Hours after his address, that fantasy inched toward reality when 146 adult chinook salmon were released into the Spokane River at Sandifur Bridge. Hundreds watched. John Matt Jr. had the honor of releasing the first of the chinook. Matt, who lives on the Spokane reservation said it felt “really good. I cried.”
The release was part of the Spokane Tribe and other Upper Columbia basin tribes’ ongoing efforts to reintroduce sustainable salmon into the farthest reaches of the Columbia River basin.
It illustrates, however, the increasing prominence given to Indigenous knowledge and perspectives in fishery and natural resource management. Roughly 1,500 fish and water scientists, educators and policymakers from around the world are in Spokane for the weeklong conference. That conference opened with an address from Spokane Tribal chairwoman Carol Evans and prominently featured Wednesday’s talk from Seyler and the accompanying fish release. Even 10 years ago this wouldn’t have happened, Seyler said.

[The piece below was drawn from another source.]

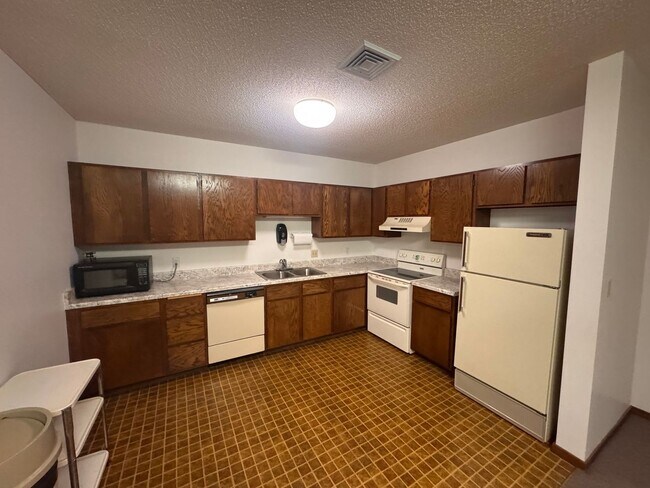 Building Photo - AVAILABLE NOW - Gorgeous 2 BR, 2 BA Condo, with Parking and Excellent Location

A chinook salmon scampers over rocks before being gently guided into the deeper waters of the Spokane River on Wednesday. (COLIN MULVANY/THE SPOKESMAN-REVIEW)
“We might have set a table up,” he said. “ ‘Look, here is the Indian table.’ ”
That’s no longer the case. At Wednesday’s release, scientist from all over the U.S. and world saw how regional tribes have led the way on salmon reintroduction, even as headlines and money get siphoned up by more controversial efforts such as removing four dams on the Snake River. That gradual acceptance, and honoring, of native knowledge has happened slowly, although Seyler said it picked up in the early 1990s. That’s when tribes started getting money from the Northwest Power Act, passed by Congress in 1980. The act provided money to mitigate some of the damage done to fish and wildlife by hydroelectric dams in the Columbia River Basin.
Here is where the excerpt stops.